Enfin pour conclure, qu’est-ce que l’on peut souhaiter à la JAVCM cette année en terme sportif ? De faire une bonne année, de produire du jeu, de donner envie aux gens de venir à la salle, c’est indispensable. On est dans un passage de témoin, une transformation de génération qui viennent à la salle et je pense que pour faire adhérer les gens au basket, il faut proposer un spectacle complet. La ville de Vichy nous a bien aidé avec la mise à disposition d’un nouvel éclairage donc ça va permettre l’habillage un petit peu plus des soirées de matches donc c’est un élément supplémentaire pour que le produit qu’on propose, parce qu’on est dans du sport spectacle, il ne faut pas oublier cette dimension, il donne envie aux gens de venir et de revenir. Donc produire du jeu et produire du spectacle c’est important.

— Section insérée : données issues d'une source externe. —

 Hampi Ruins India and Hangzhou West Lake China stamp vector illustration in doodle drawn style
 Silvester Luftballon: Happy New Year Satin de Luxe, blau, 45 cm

La deuxième chose, c’est d’avoir du contenu plus tactique, stratégique qui permettent de performer, donc de rivaliser dans un premier temps avec nos adversaires et puis dans un second temps, de l’emporter parce qu’il n’y a pas beaucoup d’écart donc faire la différence dans les moments clés et de se requalifier. On vise de se qualifier en Leaders Cup, on est bien parti puisqu’on a gagné les deux premiers matchs de la poule (à l’heure où est publié cet article, la JAVCM s’est bien qualifiée avec 3 victoires sur 3 matchs et affrontera Rouen en quarts de finale) de se requalifier pour les playoffs. Ce sont nos ambitions, si on est là-dedans, déjà on sera dans une bonne année. Après, c’est l’exceptionnel, l’irrationnel qui fera que l’on fasse une année peut-être qui nous permette de gagner le championnat. On a cette ambition au fond de nous mais en termes de communication et c’est le même vis-à-vis des joueurs, l’ambition première du club, on aura fait notre travail, du bon travail si on se qualifie en playoffs. C’est important d’avoir ça en tête selon moi. Et puis faire une bonne année c’est aussi progresser sur le périphérique, tous les domaines doivent progresser, sur le médical : progresser et toujours progresser, sur la prise en charge des joueurs, anticiper les blessures, mieux les soigner, plus vite les faire récupérer, accélérer les protocoles. La deuxième chose c’est sur l’aspect préparation physique, mieux préparer les joueurs, mieux les réathlétiser s’ils ont eu des problématiques voire amener du travail complémentaire, ça aussi, c’est un point important. Sur le plan logistique, améliorer la prise en charge des joueurs, peut-être les repas, la manière dont on se déplace. En termes de communication, de commercial, redynamiser l’image du club, être capable de rayonner sur le plan social, sur le plan sociétal. C’est vrai également sur le plan des partenaires, être capable de leur proposer des choses qui les font revenir, qui les font adhérer sur des projets à moyen terme, à long terme. Faire en sorte qu’ils ramènent eux aussi d’autres partenaires avec eux, qu’on dynamise cet aspect économique.

Donc faire une bonne année c’est ça, c’est faire une bonne année à 360° autour du club. Si on se centre uniquement sur le sportif, il y a des années où on ne verra pas de progression majeure. Ça ne veut pas dire qu'on ne fera pas une bonne année, mais malheureusement nous n'aurons progressé que sur l'aspect sportif et nous aurons donc négliger les autres. Finalement le sportif reste un facteur irrationnel parce qu'on ne peut pas le maîtriser à l'avance alors que l'on peut travailler pour ça avec les autres domaines. A nous d’œuvrer pour que, même si sur le plan sportif, on n’a peut-être pas une année aussi réussie en termes de résultats, ça on ne peut pas le savoir, par contre, sur le reste on peut le savoir, à nous d’être dans notre plan de marche, de faire avancer étape par étape notre projet pour que, petit à petit, on progresse et que l’on en voit les fruits.